The three old ladies selling produce on the curb. The really, really old lady baking ears of corn on a smoldering log, plumes of smoke engulfing the road. That one goat, who might be “mutton” come tomorrow. Rusty the Dog. Grumps the Dog. Japanese Tracksuit Guy. The Overly Nice Korean Family. The Bangladeshi shopkeeper who insists my wife needs a bindi. The Negotiating Space Dance I perform with other pedestrians, where I repeatedly step off then back on the sidewalk whilst trying to dodge meandering motorcyclists, bossy taxis, and of course, random cattle.

Actually, that last thing I won’t miss at all.

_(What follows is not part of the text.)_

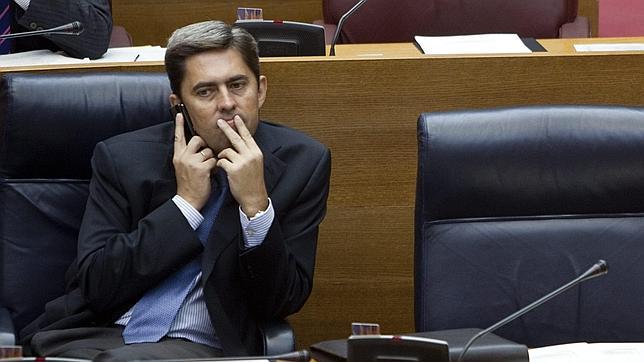 Rambla deja su escaño en las Cortes y deja en tres los imputados del PP
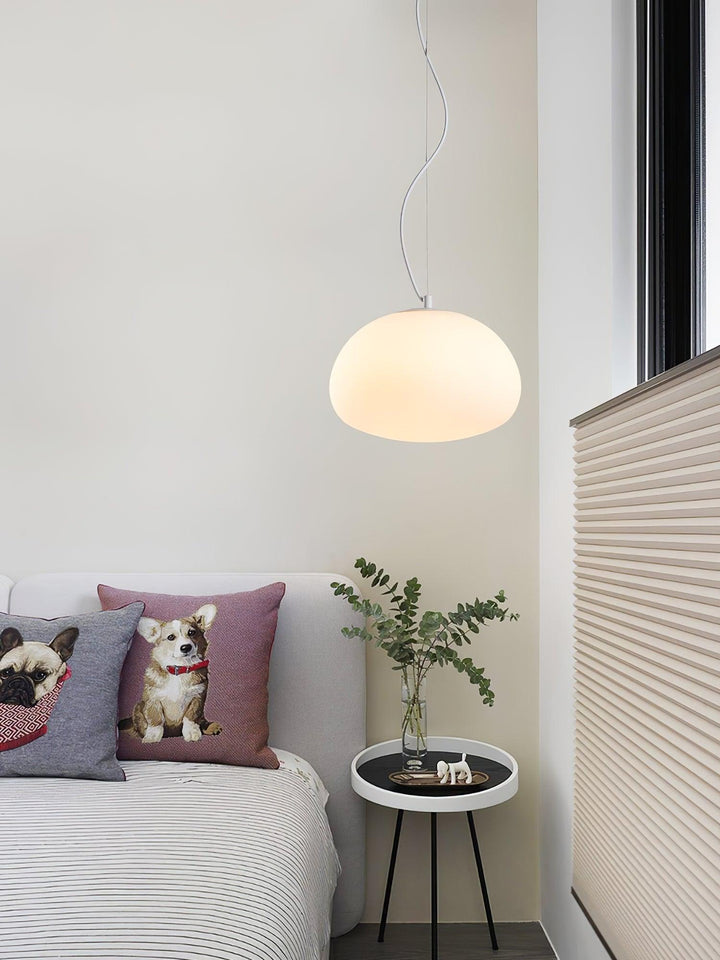 Bunelle: Lampada a sospensione in vetro e metallo a forma di panino – per ambienti accoglienti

A place is defined by its people. Patan has some of the best. Last week, little Floyd bolted from the gate, no doubt to chase his personal dragon, a toad venom addiction. The escape happened at noon, as we were informed by our housekeeper, who was in a right state. Being at work, there was little we could immediately do but print out LOST flyers. I received regular updates from our housekeeper and gardener, who had fanned out to all the nearby homes and shops, making inquiries. When we finally started our canvassing efforts, everyone showed genuine concern, even if language was a barrier. Almost all the shop and cafe owners agreed to post our flyer, which was written in English and Nepali. The local animal shelter helped us out with tape. We searched for almost two hours after work. I was nearly back home when I ran into my landlord. He too had been on the search, after our guard informed him of the problem. More than I could’ve expected from any landlord back home!

At long last, Floyd returned home more than 12 hours after his prison break. He was high as a kite on toad venom. An intervention is planned.

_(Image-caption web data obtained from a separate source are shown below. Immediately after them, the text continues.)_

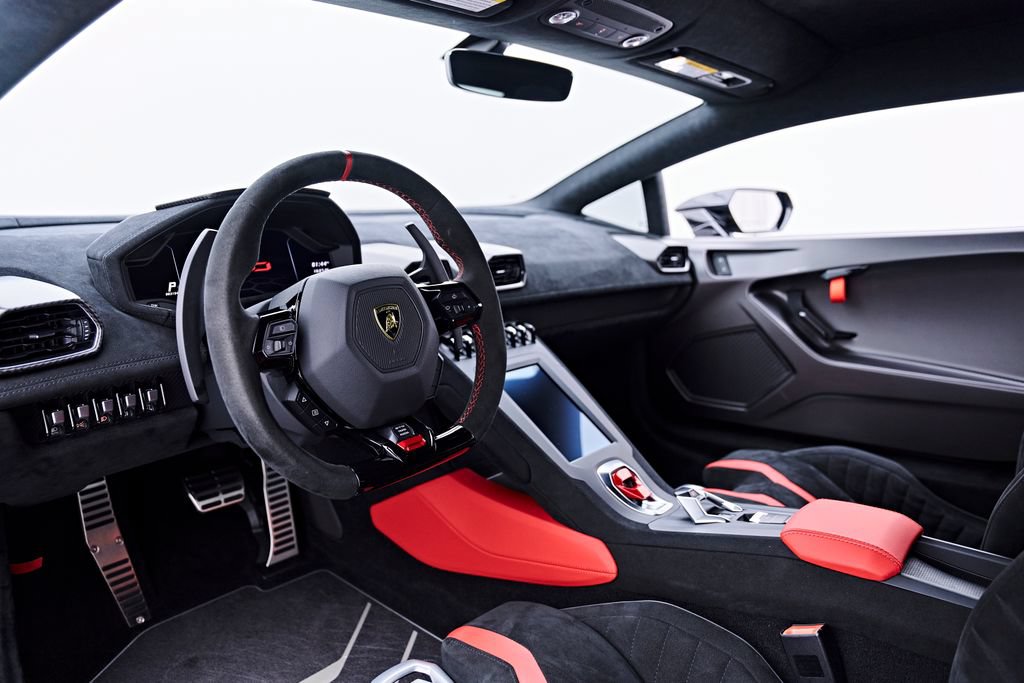 Used 2023 Lamborghini Huracan STO RWD image 2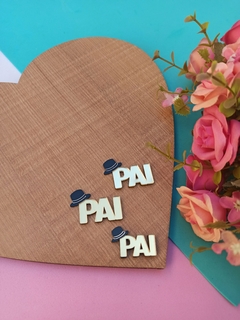 PAI COM CHAPÉU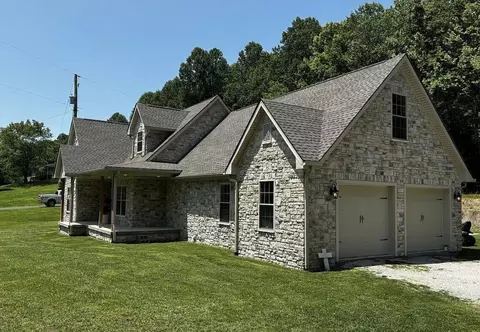Exterior - 161 Collier Ave, Jackson, KY 41339 photo 3 of 6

Since that difficult evening, people all over the neighborhood still ask about Floyd. Did he come home? How is he? Was he hurt? We are so happy you have now back your dog.

Love this place.

Here, locals consider me a “Good American.” It’s unlike other places, where my nationality was met with nonchalance (which I prefer), overly jubilant praise (usually from Arabs, which felt weird), or on rare occasions, spite (usually from British people). The Good American conversation usually sounds like this:

“Oh. You’re from Am-ERR-ica. I am surprised. I thought you were Canadian. I mean, you’re so… normal. And nice. And you haven’t offended anybody. And you said you don’t very much like war or guns or bigotry. Yes. Surprising. You are a Good American.”

Jeez, Americans! What have you been doing in Nepal these last few years?

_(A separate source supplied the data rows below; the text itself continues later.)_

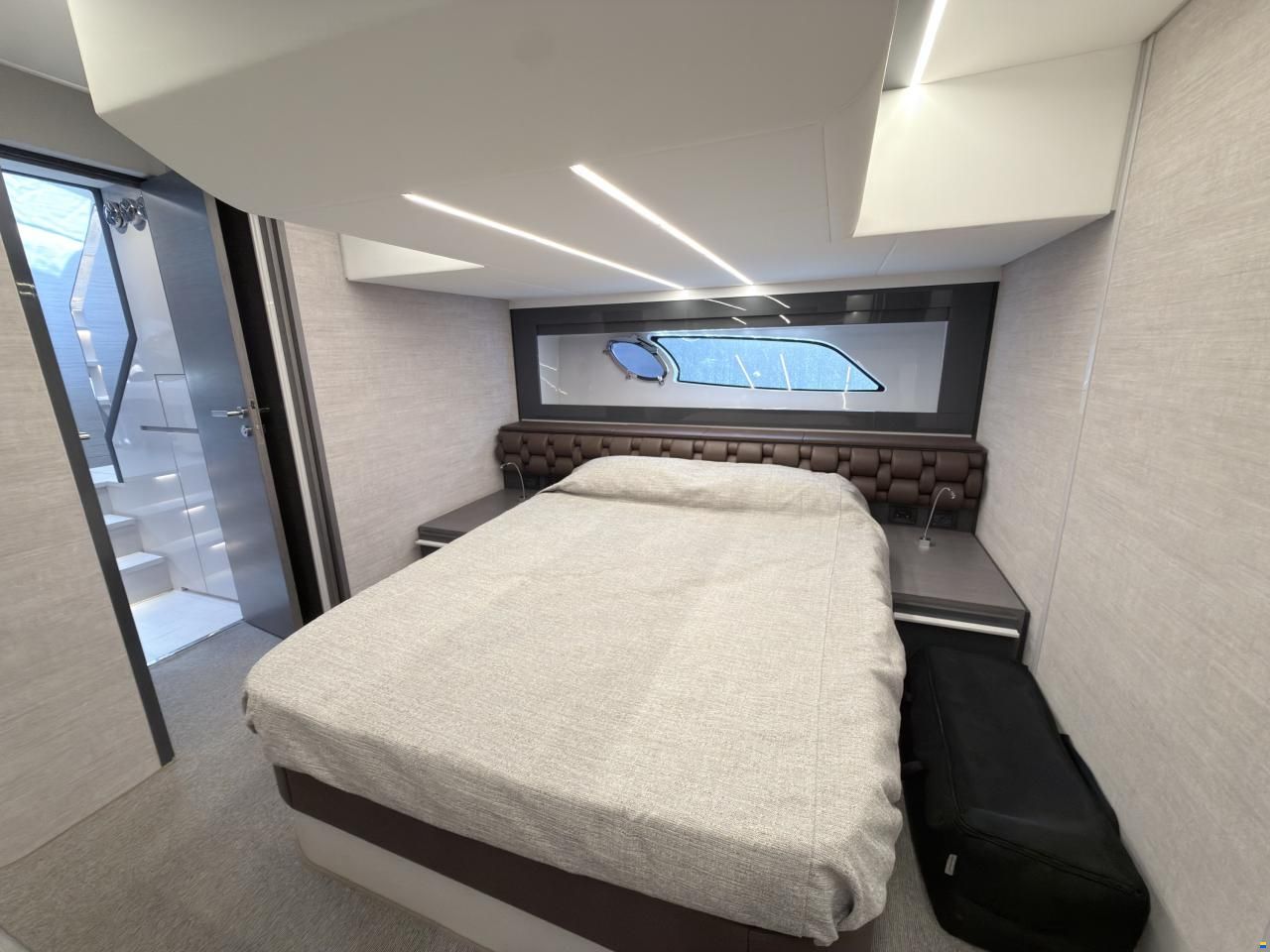 Pershing 5X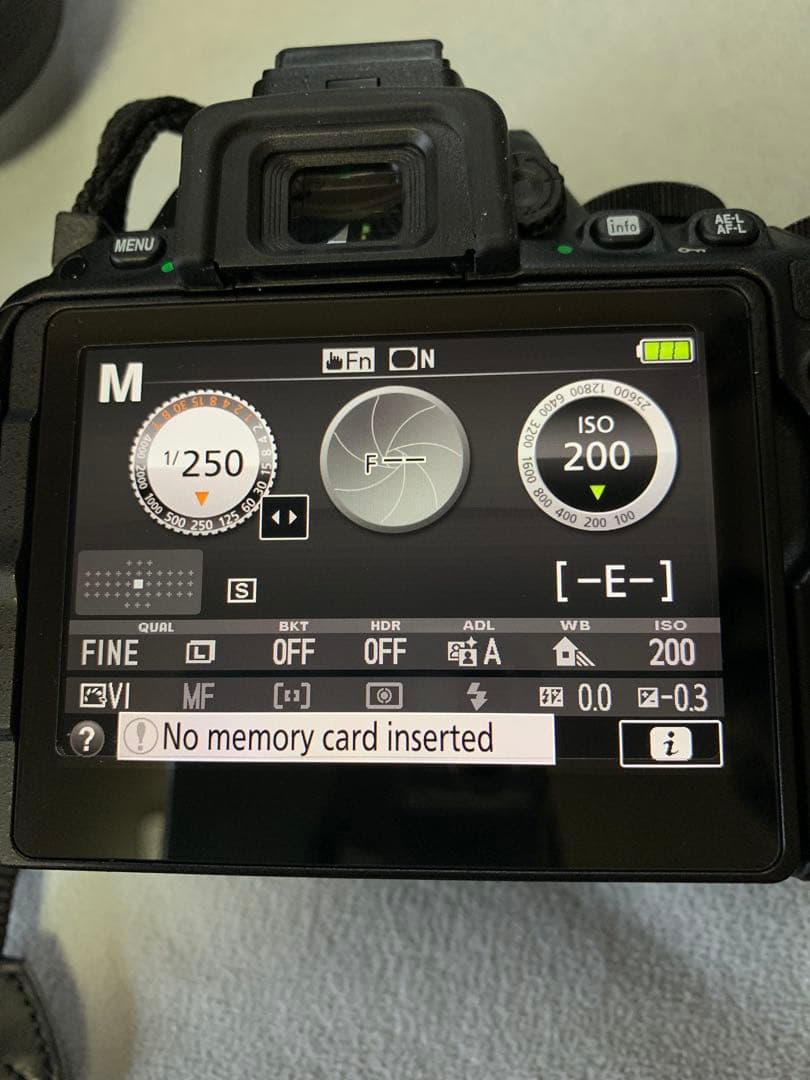 Nikon D5500 デジタル一眼レフカメラ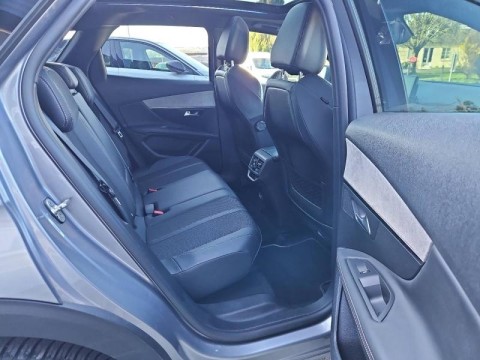 PEUGEOT 3008 1.5 BlueHDi 130ch S&S GT EAT8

The expat scene here is something completely different than what I experienced in other countries. In Lebanon, diplomats and UN staffers hunkered down behind barbed wire and cement walls, far and away from the joyous, frenetic, occasionally life-threatening hustle of the glorious city life. Bali was pretty much a summer camp for over indulgent grownups. Sweden, there was an unspoken climate of anxiety amongst expats, a cloud of shame that followed every person who didn’t blend, every person who failed to put forth a concerted effort to speak the language. Probably a word for that in Swedish, but I’ll never know.

Here in Kathmandu, it’s a combination of all those things. There are more NGO’s on the ground than the alphabet can handle, and everyone is very serious about their work. At least until five o’clock hits. At that point, the bars fill with boisterous conversations, fueled by local spirits of questionable origin. And yet, there’s a “face” that expats wear. A face that advertises “Don’t mess with me, I’m (practically) local.”

Maybe it’s the women who so readily don scarves and saris. Or the men with their locally tailored (read: super slim cut) suits. Or the one-upmanship of local food knowledge — tongue and guts are fine dining here (for some).

I don’t hate it. In fact, I cannot wait to immerse myself in it.